We then headed west and explored the southern side of the ridge. Again, not very much happening, although a group of 4 Common Buzzards were circling at some distance and then a Sparrowhawk drifted lazily overhead. A decision was made to go back to the cars and reconvene at White Post, so the group set off back up the hill. At this point, the first unfortunate event occurred; three of our group were progressing more slowly, but were rewarded with views of a Hen Harrier making its way along the valley. The main group were completely unaware of this, and couldn’t hear the frantic cries of the three lucky birders, and so missed out on this special bird.
Over to White Post, and here the action did begin to pick up. Several Golden Plover were spotted on the ground, very difficult to pick out among the brown grass and heather. A Kestrel put in an appearance, and another distant raptor perched in the top of a small tree sparked more identification debate, but again was concluded to be a Common Buzzard. We walked down the lane to Dane’s Brook and then east along the river. Just visible above the brow of the hill were two more raptors perched in a small tree – another Kestrel and a very much appreciated Short-Eared Owl. We approached a bit closer for some fantastic views through binoculars and scopes, with the owl very alert, turning its head almost the full 360 degrees and showing those very yellow eyes.
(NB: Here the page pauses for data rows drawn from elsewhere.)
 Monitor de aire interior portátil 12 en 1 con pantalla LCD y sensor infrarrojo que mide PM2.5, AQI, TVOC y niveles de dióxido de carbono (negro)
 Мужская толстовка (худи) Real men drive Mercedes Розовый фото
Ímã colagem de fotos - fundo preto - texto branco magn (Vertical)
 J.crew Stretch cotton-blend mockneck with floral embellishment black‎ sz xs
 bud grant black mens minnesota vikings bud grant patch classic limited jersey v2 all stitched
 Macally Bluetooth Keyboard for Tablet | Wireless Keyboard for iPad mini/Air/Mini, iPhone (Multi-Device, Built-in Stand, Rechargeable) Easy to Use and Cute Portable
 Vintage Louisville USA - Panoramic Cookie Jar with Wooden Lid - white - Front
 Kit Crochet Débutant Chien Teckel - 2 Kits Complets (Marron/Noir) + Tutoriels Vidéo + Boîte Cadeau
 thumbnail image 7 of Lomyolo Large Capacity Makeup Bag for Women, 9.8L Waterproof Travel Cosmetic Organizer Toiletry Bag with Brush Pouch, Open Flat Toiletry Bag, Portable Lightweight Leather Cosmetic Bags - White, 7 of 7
On the return to the cars a flock of 500+ Golden Plovers flew over us. And then the second unfortunate event – the first two back to the cars saw a Red Kite flying away, but it was gone by the time the rest of the group caught up! No Merlin today, despite some initially Merlin-like Kestrels, but six raptor species and perfect weather made for some happy birders.
Full species list (23):
Blackbird, Blue Tit, Buzzard, Carrion Crow, Fieldfare, Golden Plover, Great Tit, Hen Harrier, Herring Gull, Kestrel, Lesser Black-backed Gull, Magpie, Meadow Pipit, Pheasant, Raven, Red Kite, Short-eared Owl, Skylark, Sparrowhawk, Starling, Stock Dove, Stonechat, Woodpigeon.